▶ What is required
Below are some records. Reproduce them exactly from their first line through the line with "kitchen with appliances", inclusive.

##############################

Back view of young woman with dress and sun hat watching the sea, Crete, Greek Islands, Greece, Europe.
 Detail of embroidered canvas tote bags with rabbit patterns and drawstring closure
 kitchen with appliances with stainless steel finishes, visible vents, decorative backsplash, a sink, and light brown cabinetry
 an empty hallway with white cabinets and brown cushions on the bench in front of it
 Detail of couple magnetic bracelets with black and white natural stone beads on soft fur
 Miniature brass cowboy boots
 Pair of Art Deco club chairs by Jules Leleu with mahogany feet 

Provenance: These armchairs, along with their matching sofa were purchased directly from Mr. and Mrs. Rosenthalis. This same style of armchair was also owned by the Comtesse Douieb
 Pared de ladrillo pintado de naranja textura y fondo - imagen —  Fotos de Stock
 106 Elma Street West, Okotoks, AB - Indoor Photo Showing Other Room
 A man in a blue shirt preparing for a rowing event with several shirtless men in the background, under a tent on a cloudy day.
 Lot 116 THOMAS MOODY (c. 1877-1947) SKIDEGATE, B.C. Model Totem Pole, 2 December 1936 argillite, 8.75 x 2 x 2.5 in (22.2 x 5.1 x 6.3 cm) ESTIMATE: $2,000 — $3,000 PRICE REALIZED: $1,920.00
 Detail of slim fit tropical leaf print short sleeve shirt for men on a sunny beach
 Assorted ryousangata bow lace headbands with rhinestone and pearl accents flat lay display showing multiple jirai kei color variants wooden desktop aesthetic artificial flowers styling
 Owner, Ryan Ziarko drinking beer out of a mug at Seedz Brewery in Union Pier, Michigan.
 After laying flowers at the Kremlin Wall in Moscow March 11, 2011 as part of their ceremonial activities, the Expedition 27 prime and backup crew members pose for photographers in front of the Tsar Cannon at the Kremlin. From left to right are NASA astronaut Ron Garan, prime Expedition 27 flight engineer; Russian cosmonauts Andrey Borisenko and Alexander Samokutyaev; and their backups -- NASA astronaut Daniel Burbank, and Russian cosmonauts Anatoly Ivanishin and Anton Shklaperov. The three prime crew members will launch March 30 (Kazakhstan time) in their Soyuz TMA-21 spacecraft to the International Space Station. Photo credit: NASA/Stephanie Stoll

##############################

▶ Answer box
Back view of young woman with dress and sun hat watching the sea, Crete, Greek Islands, Greece, Europe.
 Detail of embroidered canvas tote bags with rabbit patterns and drawstring closure
 kitchen with appliances with stainless steel finishes, visible vents, decorative backsplash, a sink, and light brown cabinetry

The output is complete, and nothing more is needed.